Avec la tenue des 23es Rencontres nationales art et essai Patrimoine/Répertoire à Strasbourg, l’Afcae poursuit sa volonté d’importer l’un des rendez-vous phares de son calendrier dans les régions, un an après l’édition bretonne à Morlaix. Dans le centre de la capitale européenne, à quelques encablures de la place Kléber, les Star et le Cosmos se sont érigés en bastions de la cinéphilie, si bien qu’ils ne pouvaient constituer un meilleur terreau pour cultiver davantage les réflexions et échanges autour de la restauration, la distribution et la programmation des films de patrimoine. Sous la houlette du groupe Patrimoine/Répertoire de l’association, les professionnels s’y sont retrouvés à l’occasion de conférences, d’ateliers et de projections.
L’événement a fait la part belle aux regards d’ailleurs ainsi qu’aux initiatives en matière d’animation et valorisation de ces œuvres ; deux des engagements les plus chers à l’Afcae sur ce volet : « Il faut fêter une cinéphilie curieuse, ouverte et sans barrières.

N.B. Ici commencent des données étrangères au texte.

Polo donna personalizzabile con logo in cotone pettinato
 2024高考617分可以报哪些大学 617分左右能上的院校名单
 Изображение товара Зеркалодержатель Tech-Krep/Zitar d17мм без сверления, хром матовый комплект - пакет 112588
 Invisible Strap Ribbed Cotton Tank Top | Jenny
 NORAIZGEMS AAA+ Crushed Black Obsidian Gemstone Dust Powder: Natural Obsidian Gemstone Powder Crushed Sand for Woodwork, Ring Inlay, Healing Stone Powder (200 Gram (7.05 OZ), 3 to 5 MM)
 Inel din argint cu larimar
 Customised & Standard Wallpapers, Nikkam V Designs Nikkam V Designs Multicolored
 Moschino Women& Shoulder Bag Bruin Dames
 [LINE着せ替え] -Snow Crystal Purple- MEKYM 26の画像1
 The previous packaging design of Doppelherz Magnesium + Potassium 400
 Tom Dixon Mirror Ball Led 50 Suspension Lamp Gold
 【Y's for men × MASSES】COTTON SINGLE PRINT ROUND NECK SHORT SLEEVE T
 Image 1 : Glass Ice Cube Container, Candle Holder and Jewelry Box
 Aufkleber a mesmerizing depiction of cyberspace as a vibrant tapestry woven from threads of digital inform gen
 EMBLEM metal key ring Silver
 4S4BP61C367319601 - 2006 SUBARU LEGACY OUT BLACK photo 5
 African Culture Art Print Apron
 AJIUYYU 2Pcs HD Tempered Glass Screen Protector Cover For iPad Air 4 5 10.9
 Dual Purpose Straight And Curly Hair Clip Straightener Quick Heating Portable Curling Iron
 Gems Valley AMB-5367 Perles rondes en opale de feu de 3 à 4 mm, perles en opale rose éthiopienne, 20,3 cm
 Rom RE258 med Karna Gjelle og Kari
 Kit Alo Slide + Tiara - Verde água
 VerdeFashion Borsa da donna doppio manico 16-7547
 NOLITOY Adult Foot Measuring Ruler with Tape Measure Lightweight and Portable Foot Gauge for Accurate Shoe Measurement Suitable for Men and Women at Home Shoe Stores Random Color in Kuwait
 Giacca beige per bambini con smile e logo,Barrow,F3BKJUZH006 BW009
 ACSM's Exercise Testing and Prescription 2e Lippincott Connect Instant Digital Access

Il faut, plus que jamais, événementialiser le répertoire, avec les forces vives de la salle et à travers des actions nationales, pour attirer et fédérer le public », expose Guillaume Bachy, président de l’association, au détour des discours d’ouverture des Rencontres.
« Le patrimoine n’est plus une niche »
Comme à l’accoutumée, l’Afcae a tiré parti de ces Rencontres pour dresser le bilan des actions menées autour du cinéma de répertoire et revenir sur l’actualité, alors que trois commissions de classement pour les salles ont déjà eu lieu. « Sur 1 305 salles classées, 425 ont le label Patrimoine/Répertoire. Elles organisent de plus en plus d’animations avec des choix de programmation diversifiée », détaille Guillaume Bachy. Dans un contexte marqué par de vives concertations autour de la réforme du classement art et essai, le président de l’Afcae a réitéré ses revendications, à savoir la « nécessité de revaloriser l’enveloppe art et essai prendre plus en considération dans le classement, les actions d’animation et de médiation ». Les questionnaires, échanges ou croisements avec les autres formes d’art, comme le jeu vidéo, ont alors été cités comme des vecteurs de cette événementialisation des séances de patrimoine. Le quiz en ligne sur la boxe dans le cinéma organisé par le médiateur de l’association territoriale le Récit en amont de la projection de When We Were Kings (Splendor Films, 30/10), le documentaire haut en couleurs sur le match entre Muhammad Ali et George Foreman en 1974, a par ailleurs démontré l’engouement du public pour ces moments d’interaction.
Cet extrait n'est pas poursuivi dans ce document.